Reproduce the listing exactly, with no pictures in your copy.

▶ [SUPPLIED INFORMATION]
*** Block opens ***

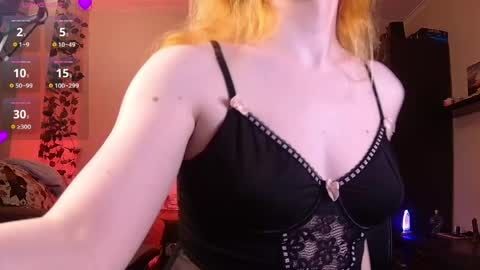 Snapshot of little_witch_sofia chatting on 05.14.26 Sofia online show from 05.14.26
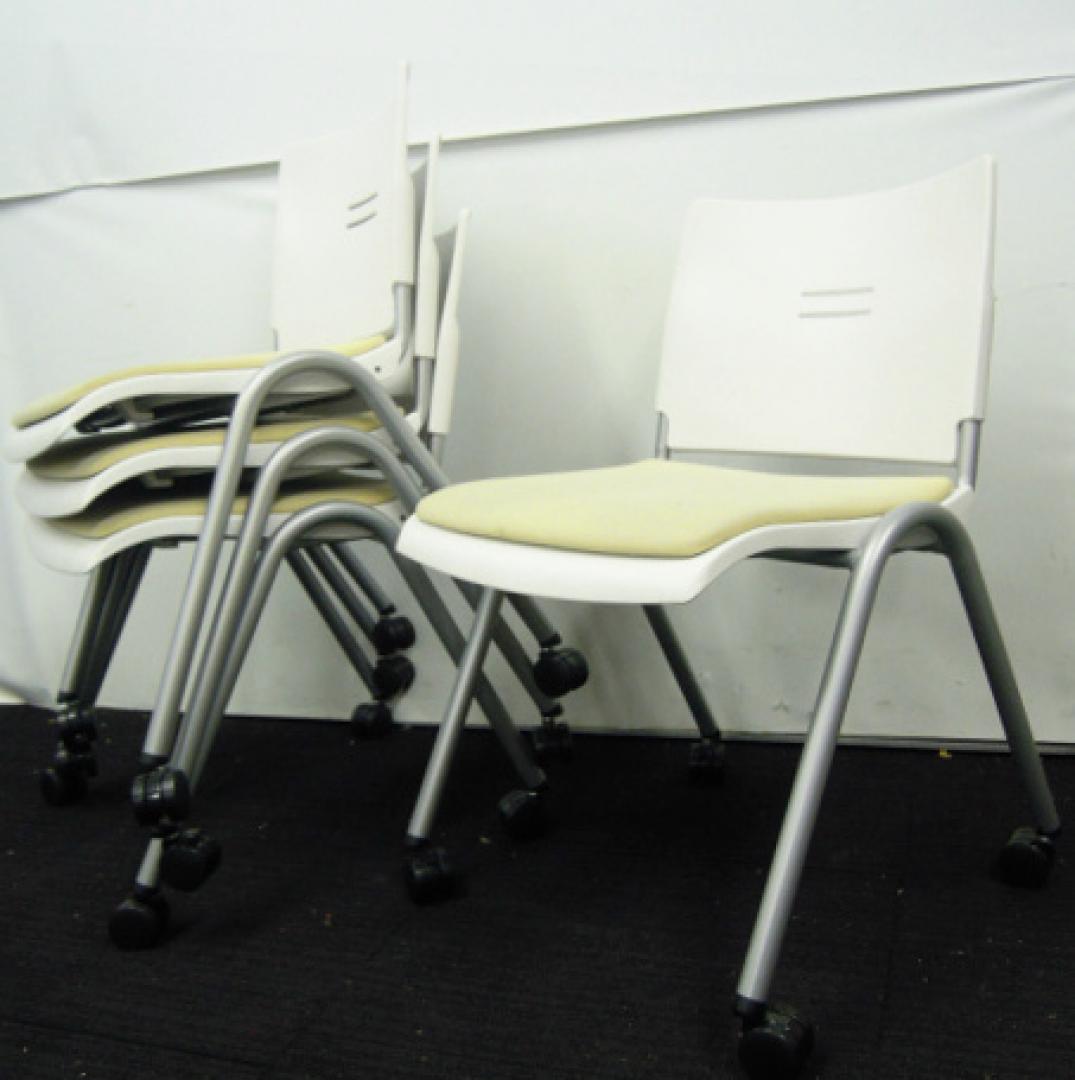 【セット商品】【4脚セット】スタッキングチェア　キャスター付き　座面クリームカラー　2012年製【中古オフィスチェア　会議用チェア　ミーティングチェア】
                        
                                    中古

*** Block closes ***

▶ [SOLUTION]
 Snapshot of little_witch_sofia chatting on 05.14.26 Sofia online show from 05.14.26
 【セット商品】【4脚セット】スタッキングチェア　キャスター付き　座面クリームカラー　2012年製【中古オフィスチェア　会議用チェア　ミーティングチェア】
                        
                                    中古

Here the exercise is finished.